La fuga dei rom dai campi sotto assedio
Giovedì, 15 Maggio 2008Napoli, altri due roghi. Fischi ai pompieri
NAPOLI — La grande fuga è cominciata all’alba. Una carovana di motocarri scortati dalla polizia ha lasciato l’accampamento rom di via Argine, quello assaltato dalle donne del quartiere Ponticelli martedì pomeriggio. Uomini alla guida, donne e bambini dietro, arrampicati su pile di materassi, coperte e vettovaglie.
Direzione: la scuola Deledda di Soccavo, zona dall’altra parte di Napoli. Quello era il gruppo più numeroso e più difficile da spostare, una sessantina in tutto. Gli altri, più di quattrocento persone, hanno scelto di abbandonare i campi nomadi a gruppetti più piccoli, una-due famiglie per volta. Lo hanno fatto in gran parte di notte, dopo i roghi di martedì sera.

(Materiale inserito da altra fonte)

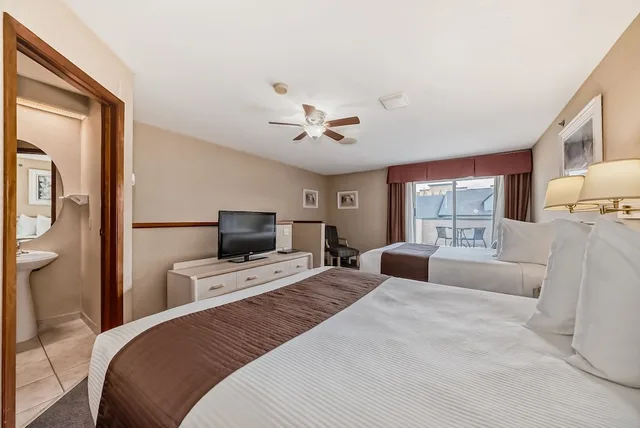 غرفة عائلية بسريرين كوين مع أريكة بمطبخ للمدخنين، Stony Plain Inn & Suites 2/5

Chi si è sistemato da amici, in altri insediamenti della città; chi ha trovato rifugio in vecchi casolari di periferia; chi in campi nomadi fuori Napoli; in dieci hanno avuto ospitalità da un italiano che ha offerto accoglienza per una notte. Qualcuno ha invece deciso di rischiare, di dormire un’altra volta fra cartoni e compensato, sotto i raccordi autostradali di Ponticelli, a due passi da gente che ripete di non voler mai più accampamenti sotto casa.